Items from a data source:
=======
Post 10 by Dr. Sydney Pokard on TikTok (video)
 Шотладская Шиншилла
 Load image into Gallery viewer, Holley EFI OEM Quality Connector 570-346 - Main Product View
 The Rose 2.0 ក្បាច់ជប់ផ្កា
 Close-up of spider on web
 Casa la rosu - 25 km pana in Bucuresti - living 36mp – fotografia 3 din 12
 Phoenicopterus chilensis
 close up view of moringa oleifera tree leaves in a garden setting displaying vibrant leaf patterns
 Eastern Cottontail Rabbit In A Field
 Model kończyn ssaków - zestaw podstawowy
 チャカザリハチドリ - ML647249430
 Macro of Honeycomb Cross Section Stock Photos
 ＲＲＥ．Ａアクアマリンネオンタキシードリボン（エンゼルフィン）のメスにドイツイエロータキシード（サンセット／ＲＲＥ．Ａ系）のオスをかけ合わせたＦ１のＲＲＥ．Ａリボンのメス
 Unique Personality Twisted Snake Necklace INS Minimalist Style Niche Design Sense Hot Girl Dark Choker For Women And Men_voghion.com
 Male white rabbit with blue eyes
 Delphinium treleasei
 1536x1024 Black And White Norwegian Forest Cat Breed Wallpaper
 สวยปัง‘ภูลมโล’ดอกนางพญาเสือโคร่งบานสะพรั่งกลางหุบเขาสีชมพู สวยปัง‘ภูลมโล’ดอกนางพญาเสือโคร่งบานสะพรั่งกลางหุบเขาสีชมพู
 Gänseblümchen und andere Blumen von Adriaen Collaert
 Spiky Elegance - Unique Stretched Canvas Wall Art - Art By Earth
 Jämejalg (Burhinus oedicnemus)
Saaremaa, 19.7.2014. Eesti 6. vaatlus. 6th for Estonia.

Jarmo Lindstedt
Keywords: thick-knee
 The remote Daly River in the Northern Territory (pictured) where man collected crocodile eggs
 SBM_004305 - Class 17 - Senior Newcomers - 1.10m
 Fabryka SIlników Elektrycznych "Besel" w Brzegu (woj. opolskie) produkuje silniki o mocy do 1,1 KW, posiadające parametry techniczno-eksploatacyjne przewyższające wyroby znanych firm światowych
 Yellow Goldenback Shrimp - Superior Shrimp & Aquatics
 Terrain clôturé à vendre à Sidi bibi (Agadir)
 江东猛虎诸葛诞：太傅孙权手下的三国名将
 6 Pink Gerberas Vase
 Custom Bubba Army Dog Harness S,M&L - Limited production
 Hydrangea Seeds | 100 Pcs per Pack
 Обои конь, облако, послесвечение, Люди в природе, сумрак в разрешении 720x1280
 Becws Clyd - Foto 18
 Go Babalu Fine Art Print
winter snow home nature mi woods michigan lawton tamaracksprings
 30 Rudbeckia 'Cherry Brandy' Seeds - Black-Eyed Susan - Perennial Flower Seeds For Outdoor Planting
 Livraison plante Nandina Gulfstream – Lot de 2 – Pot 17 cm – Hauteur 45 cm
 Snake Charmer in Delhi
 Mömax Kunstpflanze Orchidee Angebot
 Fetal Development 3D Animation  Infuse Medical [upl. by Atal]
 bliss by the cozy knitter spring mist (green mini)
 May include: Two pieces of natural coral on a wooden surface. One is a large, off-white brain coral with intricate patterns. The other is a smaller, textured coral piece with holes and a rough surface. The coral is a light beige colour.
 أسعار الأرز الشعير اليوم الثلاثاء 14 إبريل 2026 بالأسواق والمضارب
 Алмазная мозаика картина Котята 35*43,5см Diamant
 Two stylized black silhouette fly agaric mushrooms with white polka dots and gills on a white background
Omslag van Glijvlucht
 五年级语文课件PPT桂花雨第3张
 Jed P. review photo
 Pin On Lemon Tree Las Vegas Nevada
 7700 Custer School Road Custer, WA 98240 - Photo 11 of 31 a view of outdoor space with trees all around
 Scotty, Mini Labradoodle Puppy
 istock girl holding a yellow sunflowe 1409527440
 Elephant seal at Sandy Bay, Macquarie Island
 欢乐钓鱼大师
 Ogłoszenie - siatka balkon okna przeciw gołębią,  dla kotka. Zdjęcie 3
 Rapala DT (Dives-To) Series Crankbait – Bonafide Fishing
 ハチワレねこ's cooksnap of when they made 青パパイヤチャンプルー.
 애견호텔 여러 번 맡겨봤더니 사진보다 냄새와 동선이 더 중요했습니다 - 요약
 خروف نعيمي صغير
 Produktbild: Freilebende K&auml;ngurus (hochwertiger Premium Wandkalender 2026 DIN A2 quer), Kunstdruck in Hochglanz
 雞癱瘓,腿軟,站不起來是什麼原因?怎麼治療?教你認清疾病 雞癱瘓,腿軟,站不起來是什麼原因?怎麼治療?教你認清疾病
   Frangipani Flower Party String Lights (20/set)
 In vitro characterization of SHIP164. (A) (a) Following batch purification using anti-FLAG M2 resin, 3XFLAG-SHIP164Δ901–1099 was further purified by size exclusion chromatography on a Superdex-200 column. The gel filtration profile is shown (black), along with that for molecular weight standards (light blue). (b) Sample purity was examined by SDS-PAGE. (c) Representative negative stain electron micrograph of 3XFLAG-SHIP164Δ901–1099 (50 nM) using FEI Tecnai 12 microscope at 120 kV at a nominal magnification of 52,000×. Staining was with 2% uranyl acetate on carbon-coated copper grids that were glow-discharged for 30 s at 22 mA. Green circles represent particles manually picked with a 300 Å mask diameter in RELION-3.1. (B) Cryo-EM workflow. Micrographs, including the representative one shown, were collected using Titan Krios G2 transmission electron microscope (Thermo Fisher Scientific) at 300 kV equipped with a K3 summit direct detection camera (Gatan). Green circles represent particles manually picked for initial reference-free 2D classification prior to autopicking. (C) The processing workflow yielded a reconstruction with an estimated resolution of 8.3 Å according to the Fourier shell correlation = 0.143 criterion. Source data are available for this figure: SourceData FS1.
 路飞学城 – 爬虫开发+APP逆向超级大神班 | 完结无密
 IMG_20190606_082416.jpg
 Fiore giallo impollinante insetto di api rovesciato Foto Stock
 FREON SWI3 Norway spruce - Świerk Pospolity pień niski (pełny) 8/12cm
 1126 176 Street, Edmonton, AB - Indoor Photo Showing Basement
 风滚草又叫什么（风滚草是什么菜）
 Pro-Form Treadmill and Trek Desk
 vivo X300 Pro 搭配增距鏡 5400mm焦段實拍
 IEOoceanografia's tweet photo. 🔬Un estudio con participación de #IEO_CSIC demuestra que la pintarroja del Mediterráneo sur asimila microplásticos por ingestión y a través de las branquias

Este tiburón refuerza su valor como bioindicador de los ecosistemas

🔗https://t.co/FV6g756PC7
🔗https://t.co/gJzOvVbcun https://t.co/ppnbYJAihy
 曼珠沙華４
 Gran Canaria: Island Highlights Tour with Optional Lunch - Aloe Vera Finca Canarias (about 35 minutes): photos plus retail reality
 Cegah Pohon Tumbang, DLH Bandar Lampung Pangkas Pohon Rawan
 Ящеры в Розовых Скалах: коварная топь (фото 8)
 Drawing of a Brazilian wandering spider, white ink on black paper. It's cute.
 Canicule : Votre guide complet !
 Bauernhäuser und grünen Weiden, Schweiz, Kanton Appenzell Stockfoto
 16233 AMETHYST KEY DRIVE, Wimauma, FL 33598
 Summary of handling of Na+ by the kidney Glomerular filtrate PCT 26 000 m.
=======
EXERCISE REQUIREMENTS:
Reproduce exactly the lines that run from the start of the records to the line with "Hydrangea Seeds | 100 Pcs per Pack", both included.

PROBLEM SOLUTION:
Post 10 by Dr. Sydney Pokard on TikTok (video)
 Шотладская Шиншилла
 Load image into Gallery viewer, Holley EFI OEM Quality Connector 570-346 - Main Product View
 The Rose 2.0 ក្បាច់ជប់ផ្កា
 Close-up of spider on web
 Casa la rosu - 25 km pana in Bucuresti - living 36mp – fotografia 3 din 12
 Phoenicopterus chilensis
 close up view of moringa oleifera tree leaves in a garden setting displaying vibrant leaf patterns
 Eastern Cottontail Rabbit In A Field
 Model kończyn ssaków - zestaw podstawowy
 チャカザリハチドリ - ML647249430
 Macro of Honeycomb Cross Section Stock Photos
 ＲＲＥ．Ａアクアマリンネオンタキシードリボン（エンゼルフィン）のメスにドイツイエロータキシード（サンセット／ＲＲＥ．Ａ系）のオスをかけ合わせたＦ１のＲＲＥ．Ａリボンのメス
 Unique Personality Twisted Snake Necklace INS Minimalist Style Niche Design Sense Hot Girl Dark Choker For Women And Men_voghion.com
 Male white rabbit with blue eyes
 Delphinium treleasei
 1536x1024 Black And White Norwegian Forest Cat Breed Wallpaper
 สวยปัง‘ภูลมโล’ดอกนางพญาเสือโคร่งบานสะพรั่งกลางหุบเขาสีชมพู สวยปัง‘ภูลมโล’ดอกนางพญาเสือโคร่งบานสะพรั่งกลางหุบเขาสีชมพู
 Gänseblümchen und andere Blumen von Adriaen Collaert
 Spiky Elegance - Unique Stretched Canvas Wall Art - Art By Earth
 Jämejalg (Burhinus oedicnemus)
Saaremaa, 19.7.2014. Eesti 6. vaatlus. 6th for Estonia.

Jarmo Lindstedt
Keywords: thick-knee
 The remote Daly River in the Northern Territory (pictured) where man collected crocodile eggs
 SBM_004305 - Class 17 - Senior Newcomers - 1.10m
 Fabryka SIlników Elektrycznych "Besel" w Brzegu (woj. opolskie) produkuje silniki o mocy do 1,1 KW, posiadające parametry techniczno-eksploatacyjne przewyższające wyroby znanych firm światowych
 Yellow Goldenback Shrimp - Superior Shrimp & Aquatics
 Terrain clôturé à vendre à Sidi bibi (Agadir)
 江东猛虎诸葛诞：太傅孙权手下的三国名将
 6 Pink Gerberas Vase
 Custom Bubba Army Dog Harness S,M&L - Limited production
 Hydrangea Seeds | 100 Pcs per Pack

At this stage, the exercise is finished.